**PROBLEM TO WORK ON:** The whole listing should be retyped word for word, apart from the pictures it holds.

MATERIAL PROVIDED START

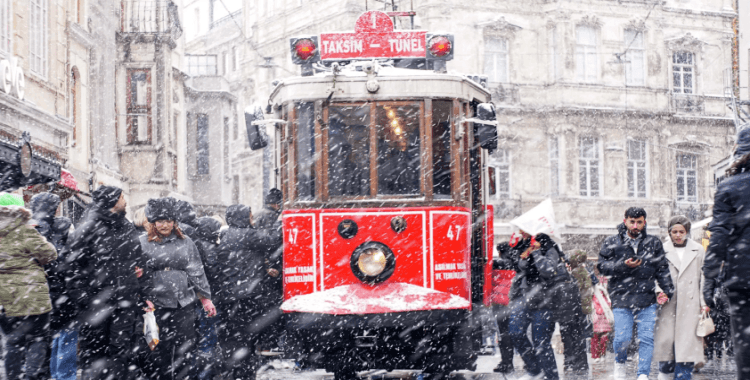 AKOM'dan İstanbul'a 'saatli' fırtına ve kuvvetli sağanak uyarısı: Kar yağışı için tarih verildi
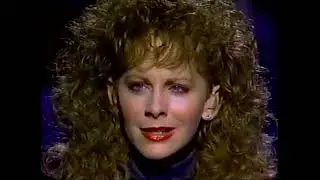 Reba McEntire : For My Broken Heart (1992) Live (HD)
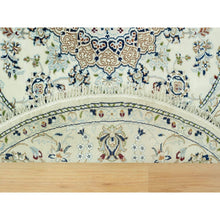 Load image into Gallery viewer, 5&#39;x5&#39; Droplets White, Hand Knotted Nain With Center Medallion Floral Design, Denser Weave 250 KPSI, Soft Wool, Round Oriental Rug FWR543702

MATERIAL PROVIDED END

**TASK ANSWER:**
 AKOM'dan İstanbul'a 'saatli' fırtına ve kuvvetli sağanak uyarısı: Kar yağışı için tarih verildi
 Reba McEntire : For My Broken Heart (1992) Live (HD)
 Load image into Gallery viewer, 5&#39;x5&#39; Droplets White, Hand Knotted Nain With Center Medallion Floral Design, Denser Weave 250 KPSI, Soft Wool, Round Oriental Rug FWR543702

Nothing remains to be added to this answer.